CRITICAL ACCOUNTING POLICIES.
The profit on sales of real estate is accounted for in accordance with
the provisions of SFAS No. 66, "Accounting for Sales of Real Estate."
The Company recognizes revenue from the sale of real estate at the
time the sale is consummated unless the property is sold on a deferred
payment plan and the initial payment does not meet criteria
established under SFAS No. 66, or the Company retains continuing
involvement with the property.

During the first nine months of 2006, the Company closed two
transactions for which the Company had post-closing obligations to
provide off-site utilities and/or road improvements. Full cash payment was
received at closing, and warranty deeds were transferred and recorded. The
sales contracts do not provide any offsets, rescission or buy-back if the
improvements are not made.

As the Company has retained post-closing obligations, a portion of the
revenues and profits on the sales were deferred in accordance with
SFAS No. 66. The transactions are being accounted for on a percentage
- -of-completion method with revenues and profits recognized as costs are
incurred. For the nine months ended September 30, 2006, revenues and profits
of $1,105,746 and $1,084,173 were deferred, respectively. These profits will
be recognized as the off-site improvements are completed.

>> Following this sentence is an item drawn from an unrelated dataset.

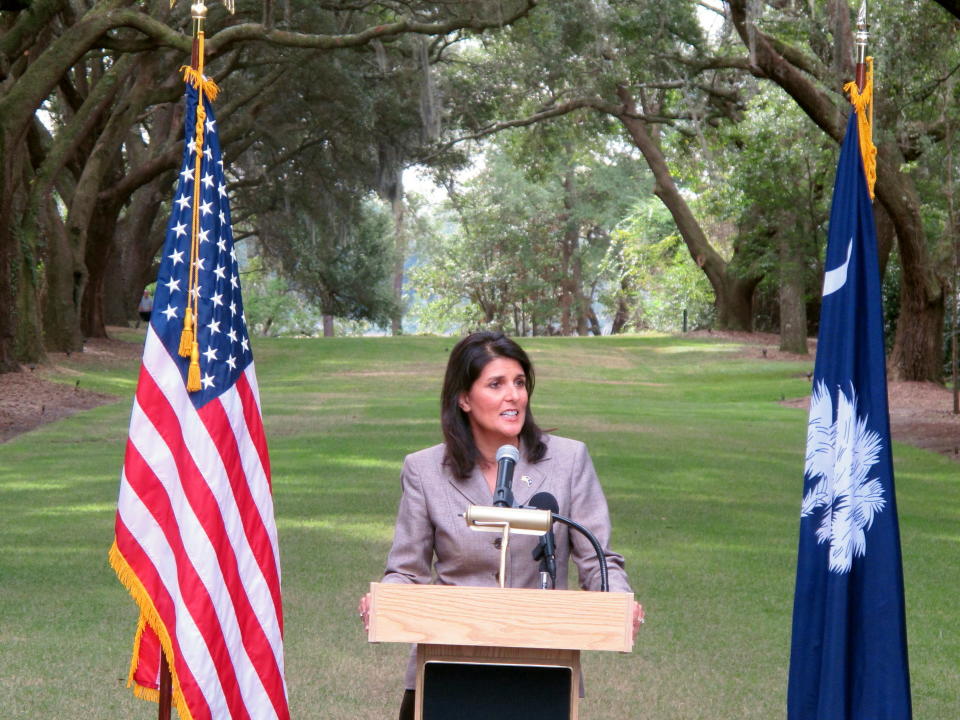 South Carolina Gov. Nikki Haley speaks about South Carolina's $15 billion tourism industry during a news conference on Wednesday, October 17, 2012, at Charles Towne Landing State Historic Site in Charleston, S.C. (AP Photo/Bruce Smith)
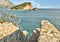 A view of Saint Nicolas Island Sveti Nikola Island from the Citadel of the Old Town of Budva, Budva, Montenegro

Also during the first nine months of 2006, revenues and profits of
$4,963,422 and $4,733,159, respectively, were recognized from 2005
closings, which had been deferred as a result of post-closing
obligations existing at the time of closing. A portion of the
obligations were completed during the first nine months of 2006, and thus
a portion of revenues and profits were recognized. At September 30, 2006,
deferred profits totaling $1,696,020 remained on the Company's balance sheet
to be recognized with the completion of the post-closing obligations.

In accordance with SFAS No. 144, "Accounting for the Impairment or
Disposal of Long-Lived Assets," the Company has reviewed the
recoverability of long-lived assets, including real estate and
development and property, plant, and equipment for impairment
whenever events or changes in circumstances indicate that the carrying
amount of an asset may or may not be recoverable.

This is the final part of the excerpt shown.